Stefano Vaj stefano.vaj at gmail.com
Wed Mar 3 14:46:56 UTC 2010


On 2 March 2010 22:10, Gordon Swobe <gts_2000 at yahoo.com> wrote:
> We can quite easily reduce mental phenomena epistemically without reducing the same phenomena ontologically. I mean here that we can understand mental phenomena in scientific terms of neurological causes and effects without abandoning the common sense notion that mental phenomena have an irreducibly subjective ontology.

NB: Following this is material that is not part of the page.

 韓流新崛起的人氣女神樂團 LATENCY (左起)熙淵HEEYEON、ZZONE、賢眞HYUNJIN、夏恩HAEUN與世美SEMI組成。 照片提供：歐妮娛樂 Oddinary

We can perhaps. But why ever should we?

The real crux of the neverending "debate" which has given place to
some complaint is that the "common sense" or not of non-falsifiable
statementz is a cultural byproduct which cannot really be either
confirmed or disproved, and we are bound to tracing its genealogy and
verifying who may still adhere to some version thereof, and who does
not find it very compelling any more.

Let us take a computer specialised in... examining Turing-test
candidates. Let us say that its performance are equal or superior to
that of human examiners. Let us say that it is instructed to decide
whether it is itself a good candidate or not. If its answer is "yes",
as far as I am concerned it is by definition as conscious as yourself
or myself (see the paradox of philosophical zombies wrongly persuaded
to be conscious, and subvocalising, firing synapses, taking attitudes,
etc., to this effect).

You have obviously faith-based reasons to believe otherwise, but we
should realise once and forever that there are no conceivable ways to
demonstrate that you are wrong, since this has to do with personal,
factual-invariant interpretations and views of the world.